* Exercise description: Down to the last line, set down the listing below exactly, apart from its pictures.

* Collected material:
= = = =

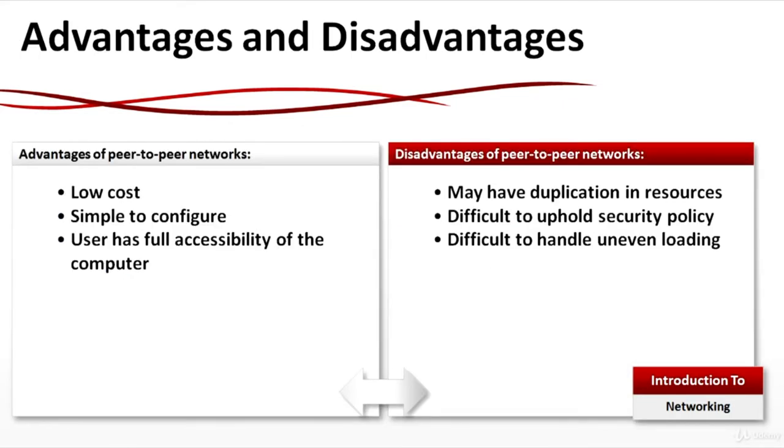Advantages and disadvantages: Low cost, simple to configure, user has full accessibility of the computer. But you may have duplication in resources, difficult to uphold security policy, and difficult to handle uneven loading.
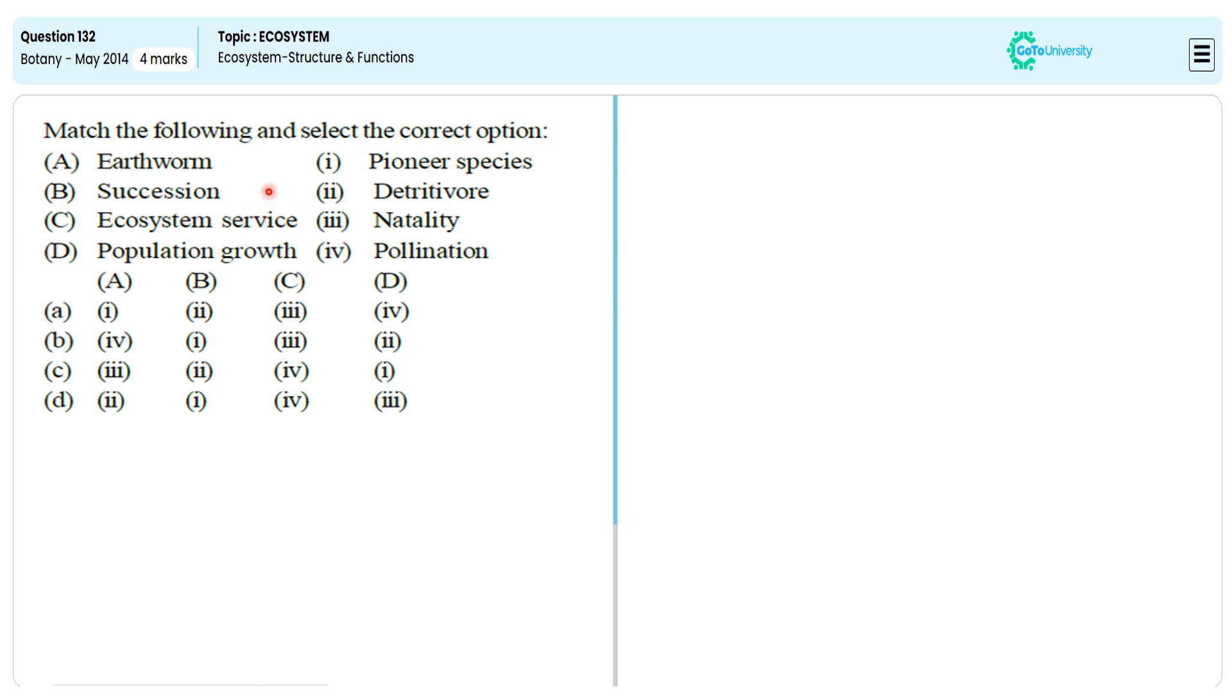Let us specify the earthworm. Being a detritivore, it is responsible for breakdown of the dead and decayed material into small particles.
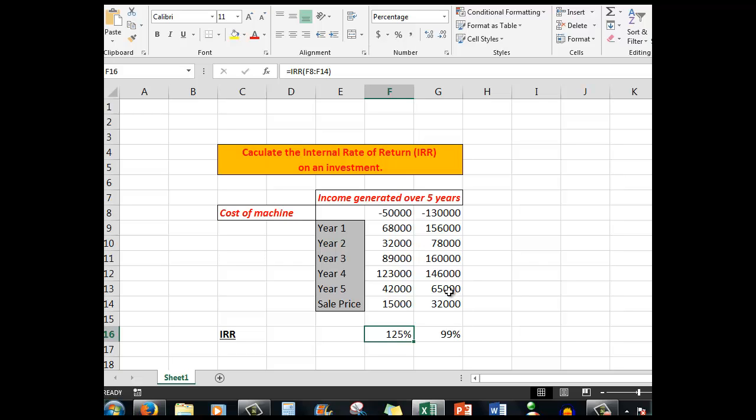Finally, IRR does not consider the cost of capital and it can't compare projects with different durations. However, it is a very handy management tool for making investment decisions based on cost of equipment and the income generated by that equipment.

= = = =

* Finished task:
Advantages and disadvantages: Low cost, simple to configure, user has full accessibility of the computer. But you may have duplication in resources, difficult to uphold security policy, and difficult to handle uneven loading.
Let us specify the earthworm. Being a detritivore, it is responsible for breakdown of the dead and decayed material into small particles.
Finally, IRR does not consider the cost of capital and it can't compare projects with different durations. However, it is a very handy management tool for making investment decisions based on cost of equipment and the income generated by that equipment.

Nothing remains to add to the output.